Mention Bali and visions of aquamarine waters, surfing beaches, magical sunsets, Hindu temples, rice terraces or luxury resorts like Banyan Tree Ungasan and Samabe Bali Suites & Villas spring to mind. Situation in a green heart of Ubud, in close proximity to villages and paddy fields is an attraction like no other. It fills your senses with another dimension of Bali.
The Agung Rai Museum of Art (ARMA) is a portal into the arts, culture and communities of the Island of the Gods. This Balinese living museum fills its head with works of art that resonate with a garden body and appendages that sing, dance, create music and procreate art. There is so much to experience by day and by night that guests often stay overnight in the Museum's resort and villa accommodations.
A collection of artworks is housed in two large traditional Balinese-style buildings. Well labelled in English and Japanese, they include paintings by Balinese, Indonesian and foreign artists acquired by the ARMA foundation and also works on loan from the private collection of Mr. and Mrs. Agung Rai. A guided tour of the galleries with an art lecture and refreshments is available upon prior reservation.
The first building features the evolution of Balinese art from traditional monochromatic black and white to contemporary colour. You can view classical Kamasan painting on tree bark, Batuan-style work from the 1930s and 1940s and rare works by Balinese masters such as I Gusti Nyoman Lempad, I Gusti Made Deblog, Ida Bagus Made and Anak Agung Gede Sobrat.
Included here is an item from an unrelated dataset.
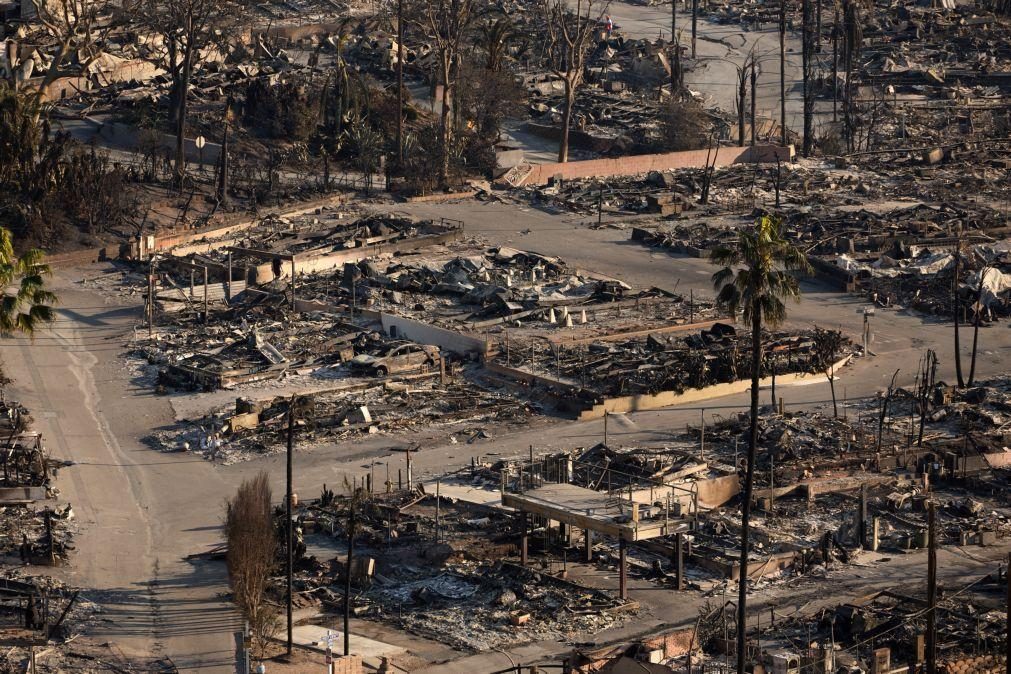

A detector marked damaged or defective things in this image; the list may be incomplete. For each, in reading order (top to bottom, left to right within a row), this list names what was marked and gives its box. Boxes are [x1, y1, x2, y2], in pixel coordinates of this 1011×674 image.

destroyed vehicle [350, 338, 440, 376]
Painting of Javanese nobleman and his wife by Raden Saleh
You can also view works unavailable anywhere else in Bali including those of 19th century Javanese artist Raden Saleh and Syarif Bustaman. Raden's most enigmatic portrait of a Javanese nobleman and his wife, which predates the similar American Gothic by decades hangs tall on the gallery wall.
The second building documents early western influences on Balinese art and contemporary works. You can meet foreign artists who lived and worked in Bali through their masterpieces. They include Willem Gerard Hofker, Rudolf Bonnet, Adrian Le Mayeur and Willem Dooijewaard.
Exit the museum and you're immediately transported to old Bali, complete with green serenity, spread over 5 hectares. Balinese art transcends the canvas and the artist's' mind-eye into the natural and landscaped gardens.
They represent an evolving interaction between nature and the Balinese artists. Intricate and ornate sculptures of stone are touched by mossy fingers or caressed by petals, and vines of leaves interlace to form green canopies over the stone bridge.
Balinese art is not a static form in the Agung Rai Museum of Art. Beyond the galleries, local painters and woodcarvers continue to perpetuate the medium through illustrations of daily life in Bali and ornate designs on wood.
You can also learn more about the various traditional art forms and ancient handicraft including the making of daily offerings using bamboo and leaves, Balinese painting, wood carving, make a piece of Balinese batik, lontar leaf painting, basket weaving, egg painting and silver jewellery fabrication.
Music and dance is integral to Balinese daily lives and children can often be seen practising legong dance and playing the gamelans in the Museum grounds. You can also participate in similar workshops such as learning to play a short tune on the gamelan and Rindik, a Balinese gamelan instrument made of bamboo tubes.
The most unique experience of Balinese art and culture is undoubtedly the 'Golden Hour' with the founder of the Museum, available only to its resort's guests. Other cultural immersion workshops hosted at Agung Rai Museum of Art include the cooking of traditional Balinese dishes and lunch, yoga classes, Hinduism practices in Bali, Hindu method of astrology and traditional Balinese architecture.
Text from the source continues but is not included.